Until it is determined in step S7 that the checking process of the
element values extracted in step S3 using all estimation knowledge
data stored in the first estimation knowledge storing unit 102 is
complete, steps S4 to S6 are repeated.
[0075] If it is determined in step S7 that the checking process of
the element values extracted in step S3 using all estimation
knowledge data is complete, the flow advances to step S8.
[0076] It is checked in step S8 if all tags have been extracted
from the sub-trees after the <data> tag extracted in step S2.
If tags to be extracted still remain, the flow returns to step
S3.
[0077] If it is determined in step S8 that all tags have been
processed, the flow advances to step S9 to check if all pieces of
commodity information are read out from the structured data storing
unit 101. If commodity information to be read out still remains,
the flow returns to step S1 to repeat steps S1 to S8. If all pieces
of commodity information have been processed, the process ends.
[0078] In this case, the flow that reads out and processes all
structured data (commodity information) pre-stored in the
structured data storing unit 101 has been explained. When new
commodity information is added to the structured data storing unit
101, the added commodity information can be processed in turn in
the same sequence as in FIG. 7.
[0079] The processing operation of the first estimating unit 103
shown in FIG. 7 will be described in detail below using the
commodity information shown in FIG. 2 and the estimation knowledge
data shown in FIG. 6.
[0080] In step S1, one commodity information is read out from the
structured data storing unit 101. Assume that the commodity
information shown in FIG. 2 is read out.
[0081] In step S2, "AA electric store" as "shop name" and a field
211 bounded by the <data> tags as "data" are extracted from
the commodity information shown in FIG. 2.
[0082] In step S3, a tag and its value (element value) are
extracted in turn from the field 211 bounded by the <data>
tags. Assume that a <commodity name> tag and its value
"PC-A100" are extracted first.
[0083] In step S4, estimation knowledge data is read out 25 in turn
from the top one of the estimation knowledge data shown in FIG. 6.

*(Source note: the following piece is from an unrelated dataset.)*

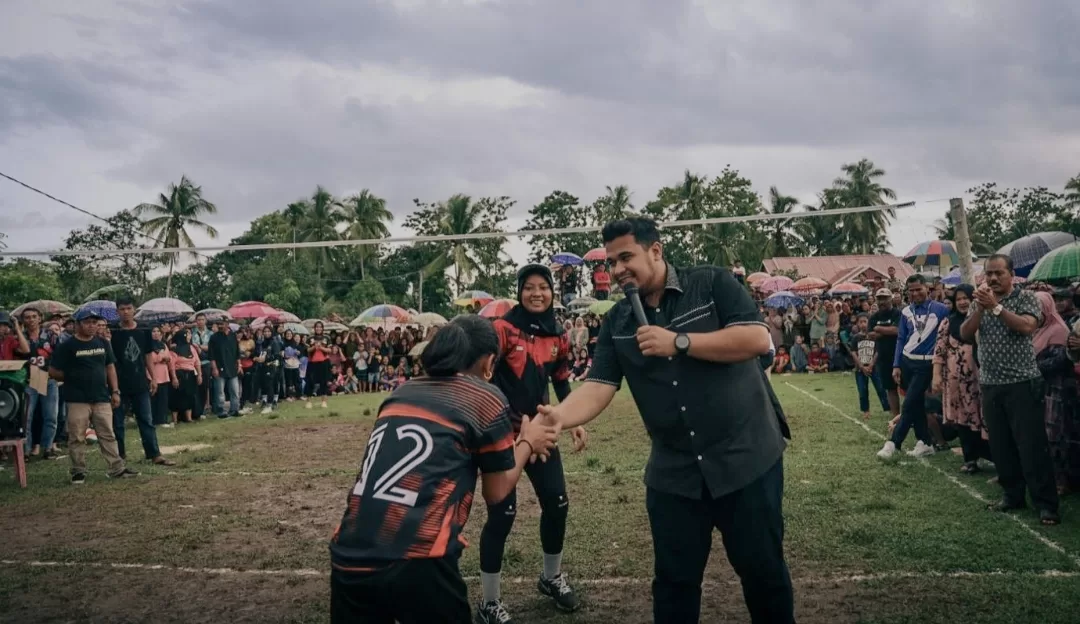 Tutup Turnamen Volleyball di Bone dan Sapa Masyarakat: Silaturahmi tak Mesti di Tempat Mewah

Assume that the estimation knowledge data 301 is read out. In this
case, since the pattern of the estimation knowledge data 301 does
not match "PC-A100" in step S5, the flow advances to step S7.
[0084] After that, steps S4 to S7 are repeated. However, "PC-A100"
does not match any of the estimation knowledge data in FIG. 8, and
the flow advances to step S8.
[0085] The flow returns from step S8 to step S3, and a <retail
price> tag and its value "123,000 yen" are then extracted from
the field 211 bounded by the <data> tags.
[0086] In step S4, the estimation knowledge data is read out in
turn again. Assume that the estimation knowledge data 301 is
extracted as in the above case.
[0087] Since the pattern of the estimation knowledge data 301
matches "123,000 yen", the flow advances to step S6.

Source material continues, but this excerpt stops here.